A great online article “Homegrown Fundraising” on the Library Journal website (dated January 14, 2014) by Denice Rovira Hazlett is well worth taking a look at. See http://lj.libraryjournal.com/2014/01/budgets-funding/homegrown-fundraising/.
The piece discusses the efforts made by the Holmes County District Public Library (Ohio) under Bill Martino to garner stakeholder support for the library system. Within Holmes County resides a large Amish/Mennonite community and I found encouraging the efforts taken by the library system to practice what the article calls, “cross-cultural cooperation”. This partnership plays a key role in supporting the library system.
What are the main takeaways I found in the article?

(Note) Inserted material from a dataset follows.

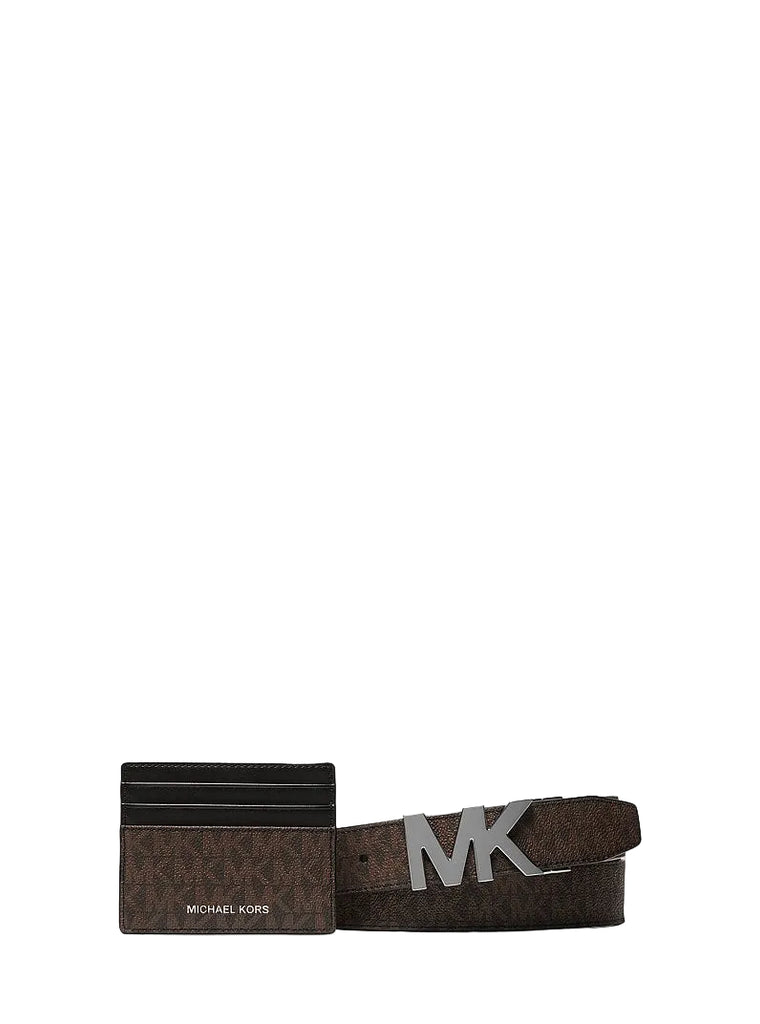 Set Regalo Michael Kors Cintura E Porta caerte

1) Find leaders from within the community you serve and put them in a position to provide major support to the library. Until Martino arrived there had never been an Amish member on the library board. In order to clearly understand, communicate, and garner support from the Amish community it was important that the Amish community be represented. After a year’s work of searching Martino tapped Jerry Schlabach to be the first Amish member of the library board.
2) Rethink how you gather support for the library. If the traditional political structure does not work for you, go directly to the people. In the case of Holmes County many Amish do not vote or participate in the traditional political process unless the issue directly impacts them. However, the library was able to partner with a local Amish style restaurant to serve meals to support the library. In this partnership the library staff (including the library director, library employees, and library board members) serves meals with a percentage of sales and all tips going to support a library branch.
3) Look for grants to get funding to do the things your library needs to do. An Institute of Museum and Library Services (IMLS) Library Services and Technology Act (LSTA) grant concerning a Targeted Populations project, piqued Martino’s Interest in 2012. In September of that year the library was awarded nearly $40,000 for its Amish outreach Program. The grant primarily went towards placing book drops around the county and to purchasing a cargo van to collect items from the drops.